The HA-Proxy server comes with a well-defined default configuration file. Modify the default configuration to include frontend and backend definitions (see example below). To revert the proxy, simply remove the frontend and backend definitions from the default configuration.

$ vi /etc/haproxy/haproxy.cfg
...
frontend  automation-gateway-frontend
    reqadd X-Forwarded-Proto:\ https
    rspadd Strict-Transport-Security:\ max-age=31536000;\ includeSubDomains
    option forwardfor except 127.0.0.1
    maxconn 100
    bind *:8443 ssl crt /etc/ssl/certs/automation-gateway.pem force-tlsv12 ciphers DHE-RSA-AES256-GCM-SHA384:DHE-RSA-AES128-GCM-SHA256:ECDHE-RSA-AES256-GCM-SHA384:ECDHE-RSA-AES128-GCM-SHA256
    default_backend automation-gateway-backend

backend automation-gateway-backend
    server  app1 127.0.0.1:8083

Enable the HA-Proxy server to start on boot, and start the service.
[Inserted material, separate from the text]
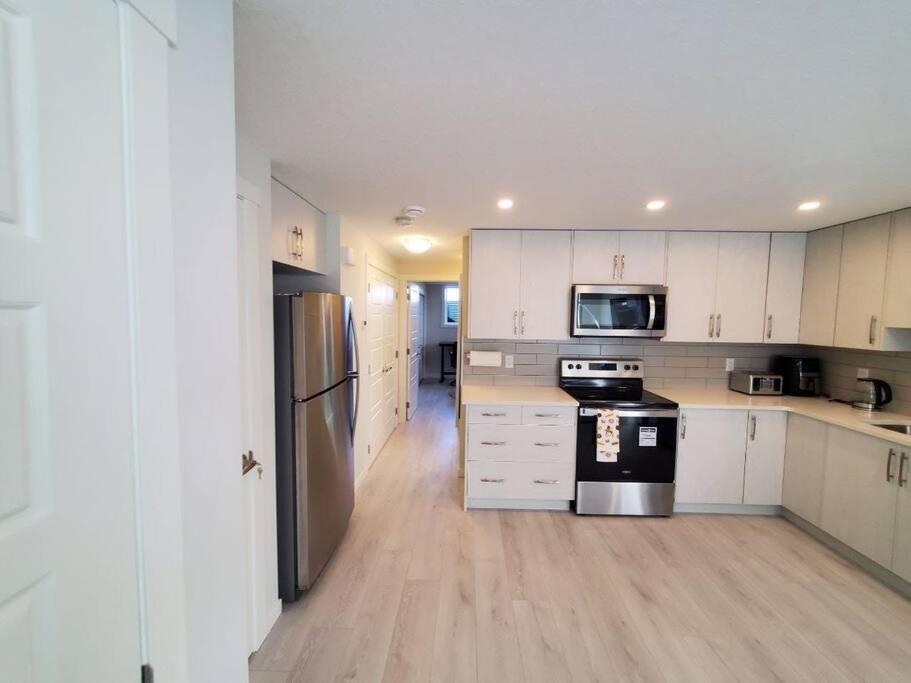 Appartamento Cozy Rockland Park Unit+Parking YYC Esterno foto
$ sudo systemctl enable haproxy
$ sudo systemctl start haproxy
$ sudo systemctl status haproxy
● haproxy.service - HAProxy Load Balancer
   Loaded: loaded (/usr/lib/systemd/system/haproxy.service; enabled; vendor preset: disabled)
   Active: active (running) since Mon 2018-10-29 06:44:43 UTC; 1 weeks 2 days ago
 Main PID: 29603 (haproxy-systemd)
   CGroup: /system.slice/haproxy.service
           ├─29603 /usr/sbin/haproxy-systemd-wrapper -f /etc/haproxy/haproxy.cfg -p /run/haproxy.pid
           ├─29604 /usr/sbin/haproxy -f /etc/haproxy/haproxy.cfg -p /run/haproxy.pid -Ds
           └─29605 /usr/sbin/haproxy -f /etc/haproxy/haproxy.cfg -p /run/haproxy.pid -Ds

Oct 29 06:44:43 telegraph01 systemd[1]: Started HAProxy Load Balancer.
Oct 29 06:44:43 telegraph01 systemd[1]: Starting HAProxy Load Balancer...
Oct 29 06:44:43 telegraph01 haproxy-systemd-wrapper[29603]: haproxy-systemd-wrapper: executing /usr/sbin/haproxy -f /etc/haproxy/haproxy.cfg -p /run/haproxy.pid -Ds
Oct 29 06:44:43 telegraph01 haproxy-systemd-wrapper[29603]: [WARNING] 301/064443 (29604) : Setting tune.ssl.default-dh-param to 1024 by default, if your workload permit...disappear.
Hint: Some lines were ellipsized, use -l to show in full.